Sunday, January 22, 2012

Best if viewed in...

Some web sites display the phrase "best if viewed in Internet Explorer 6 or higher".

In the past, this phrase would anger me. I could assume that the web site work work only with Internet Explorer, and my browser of choice (either Opera or Firefox) would fail in some way.

Now the phrase amuses me.

I ask myself, in today's world, why would someone put "works best with IE6" on their web site? What are they hoping to accomplish? What message are they sending?

Internet Explorer version 6 is old. Even Microsoft recommends a later version of Internet Explorer.

Today's browser "market" consists of IE, Firefox, Chrome, and Safari at a bare minimum, and Opera and Lynx for the truly browser-aware. Building a web site for only one browser is unthinkable.

So the message is from an earlier age.

I also suspect that the message was put on sites that performed transactions of some sort, sites that were more than brochure-ware. These sites have users who are attempting to perform some task, either shopping or submitting time cards or recording information. My guess is that the message was a disclaimer, designed to first reduce the number of users with other browsers, and second to provide an easy "out" for the help desk of said web site when people using the "wrong". (Anyone complaining would be pointed to the notice and told to use IE6. Support call closed, user issue, no problem!)

Today, the notion of turning away customers because they have a different browser is ... unusual. It is a rare company that can decline paying customers.

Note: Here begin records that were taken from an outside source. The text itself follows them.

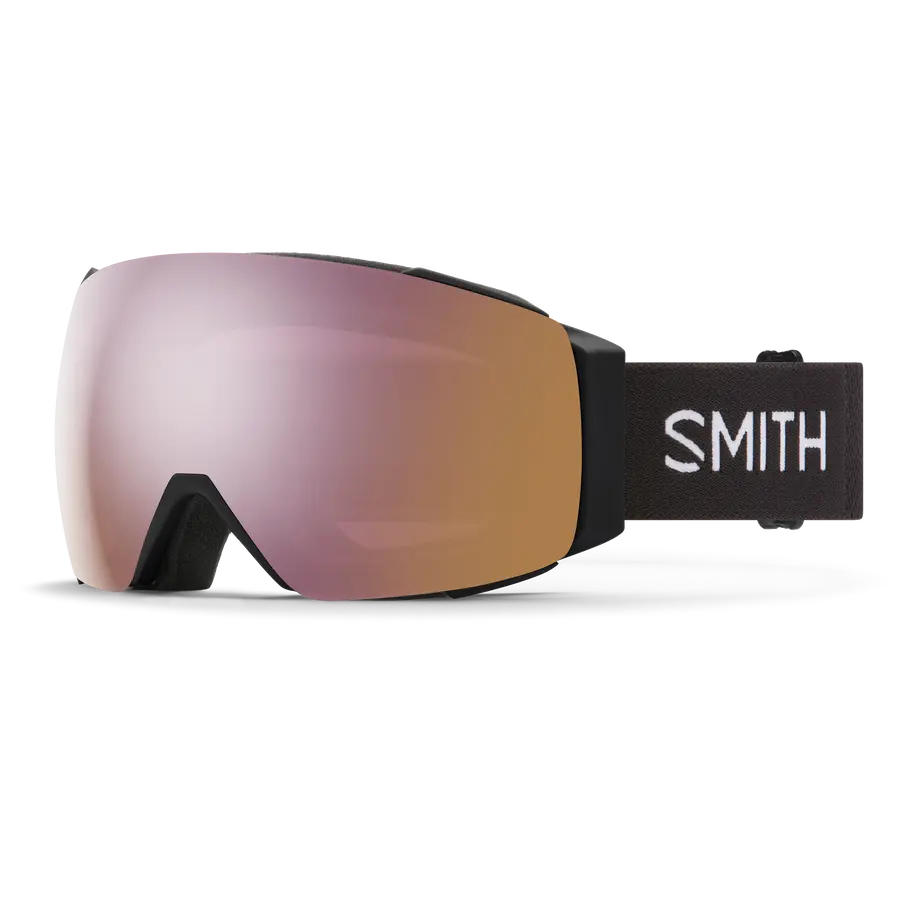 Smith I/O Mag Ski Goggles – Black goggle/ChromaPop Everyday Rose Gold Mirror Lens and Storm Rose Flash lenses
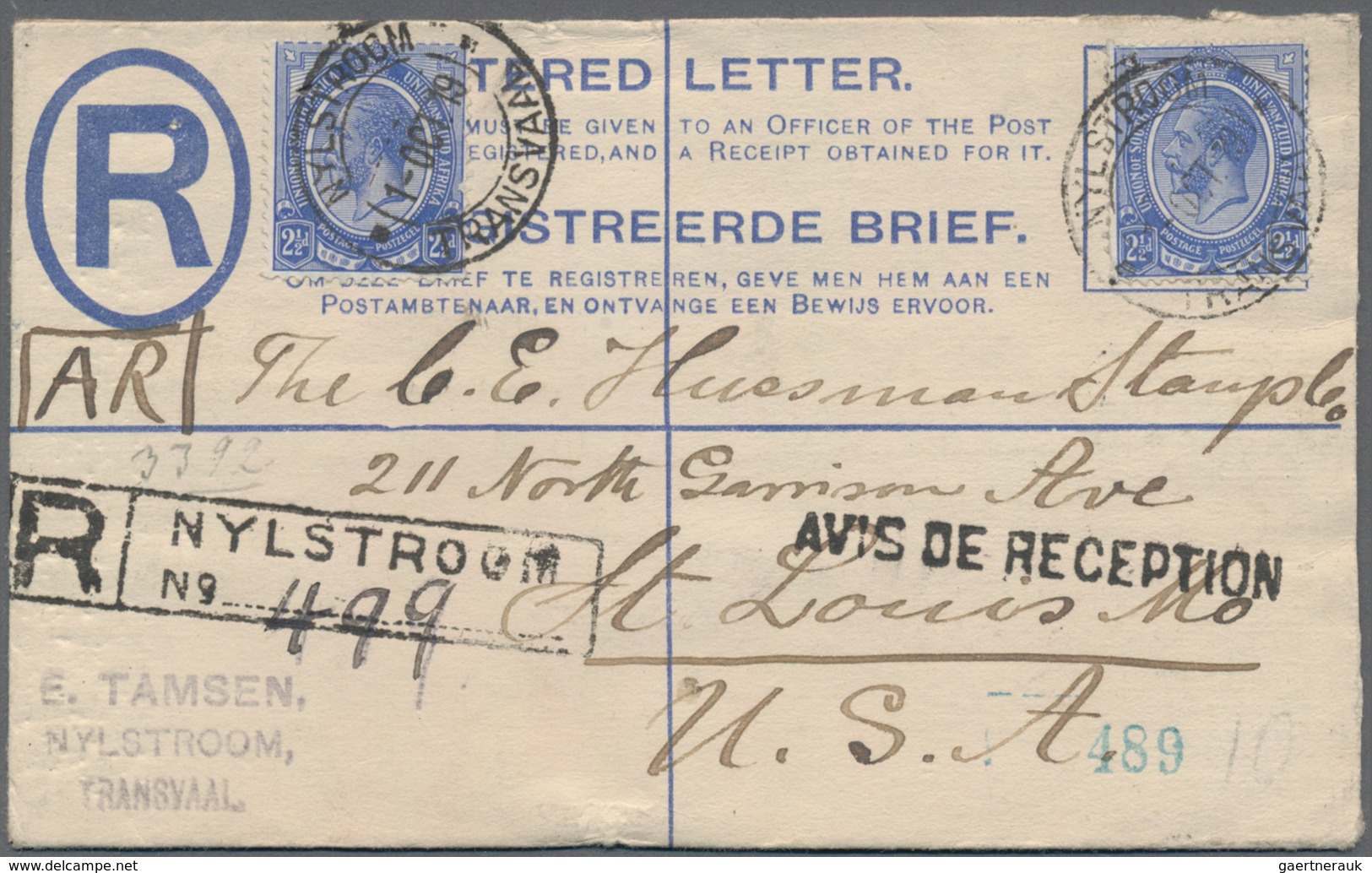 Transvaal - Ganzsachen: 1914/1919, Avis De Reception, Two Uprated Registered Stationery Envelopes Fr - Transvaal (1870-1909)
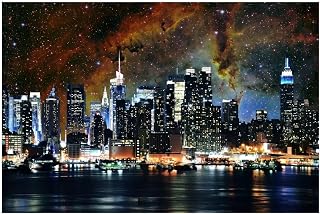 iCanvas New York City, New York Nebula Skyline Gallery-Wrapped Canvas Giclée Wall Art Print by 5by5collective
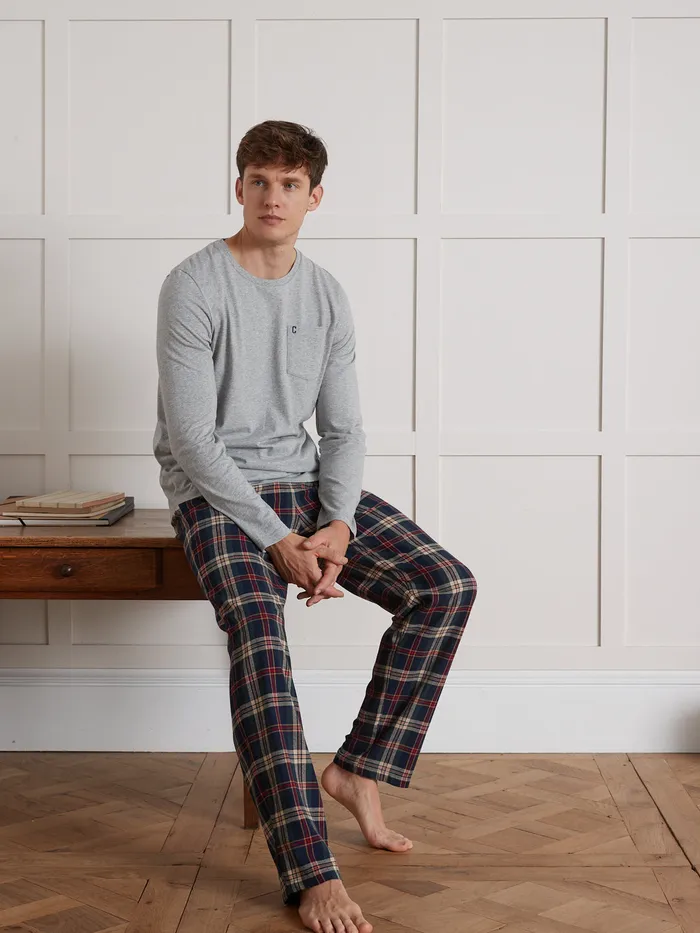 Men Cyrillus Accessories DualFabric Pyjamas Carreaux Gris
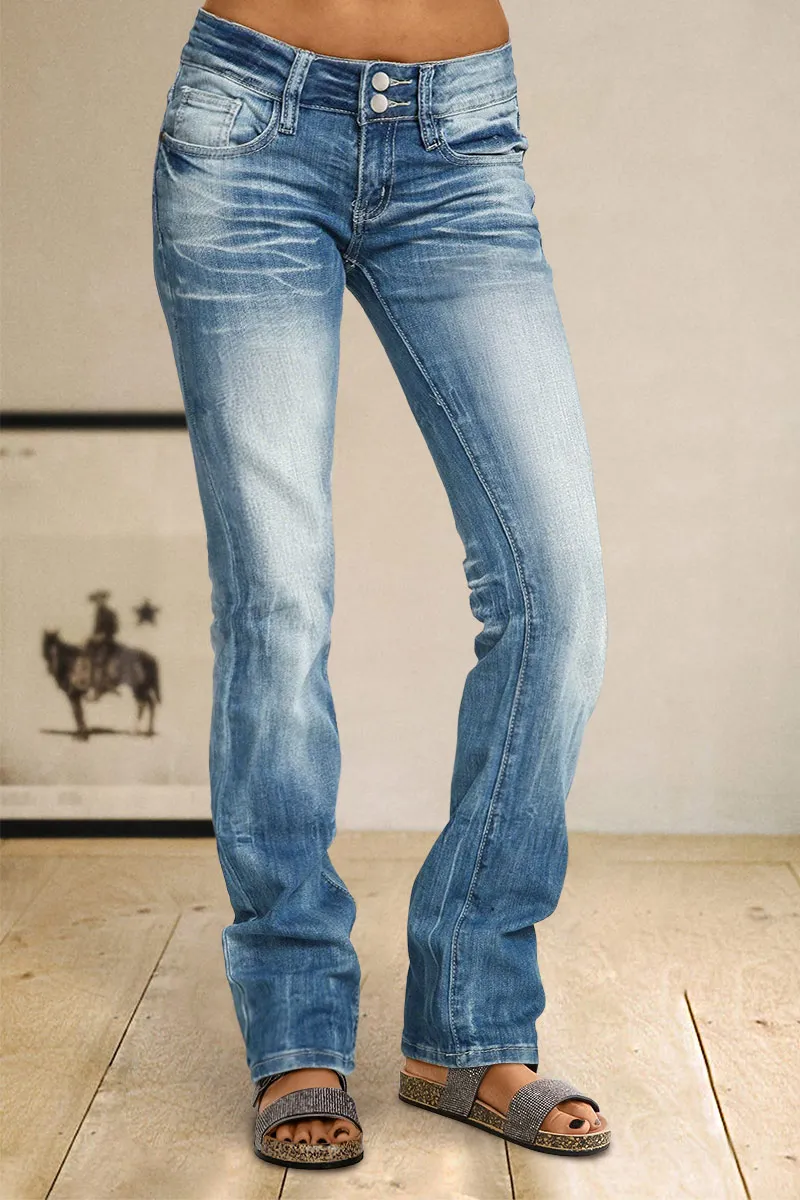 Wash Ripped Double Button Straight Leg Mid Rise Jeans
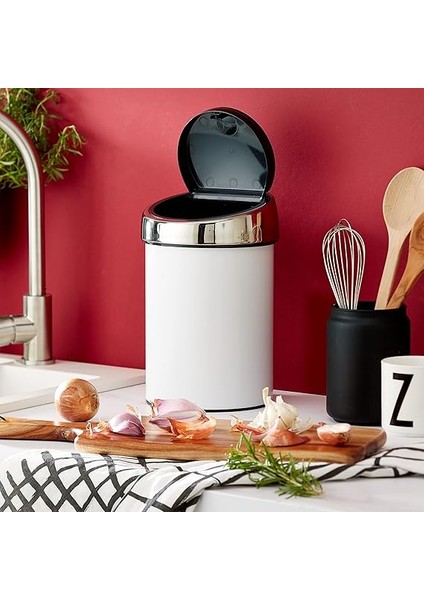 Touch Bin Plastik Eklentili Çöp Kutusu, Paslanmaz Çelik, Beyaz, 3 L fiyatları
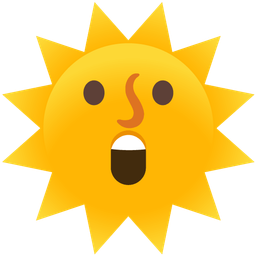 sun with face and astonished face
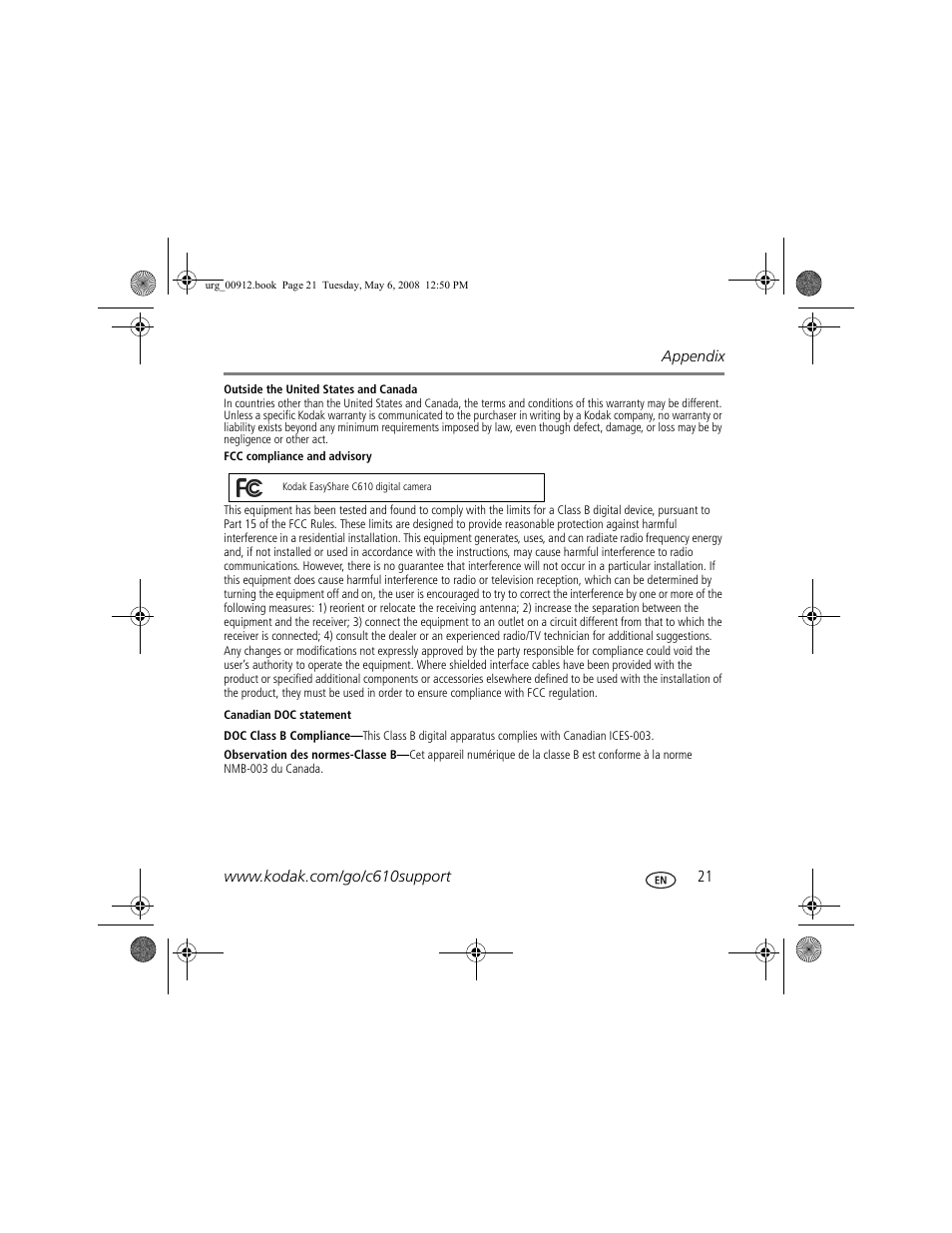 Kodak C610 User Manual | Page 21 / 22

I read the "best if viewed in" phrase now as an indicator, a measure of a web site's age and maintenance. Only web sites designed and built in the late 1990s (and possibly early 2000s) would have this message. Therefore, a site that still bears this message was built in that era and has had no (major) maintenance. Any maintenance that has been performed (if any) has been specific and limited to the task at hand.

In other words, the site is not living on "internet time". It's owner is not updating the site, modifying it to meet new business conditions or leverage new technologies. The web site is... old.

I use the phrase as an indication a company, of how "with it" they are.